## INSTRUCTIONS FOR THE TASK
From the line containing "富山に旅行に行ったら買って帰りたい!!お酒のお土産15選" to the line containing "Könyv Favole per" in the entries below, reproduce every line exactly, ends included. Nothing else belongs in the copy, and no pictures.

## DATA TO EXAMINE
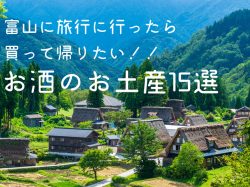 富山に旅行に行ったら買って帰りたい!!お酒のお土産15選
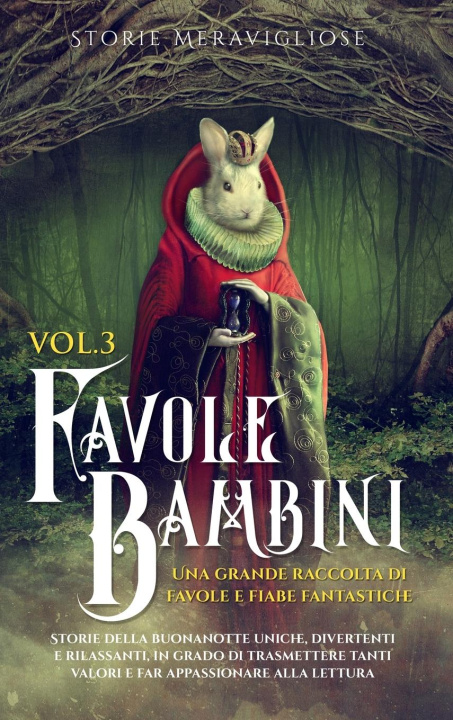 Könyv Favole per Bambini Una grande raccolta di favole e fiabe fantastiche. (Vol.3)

--

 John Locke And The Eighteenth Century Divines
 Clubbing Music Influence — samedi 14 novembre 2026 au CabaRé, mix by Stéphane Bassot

## ANSWER FOR THE TASK
 富山に旅行に行ったら買って帰りたい!!お酒のお土産15選
 Könyv Favole per Bambini Una grande raccolta di favole e fiabe fantastiche. (Vol.3)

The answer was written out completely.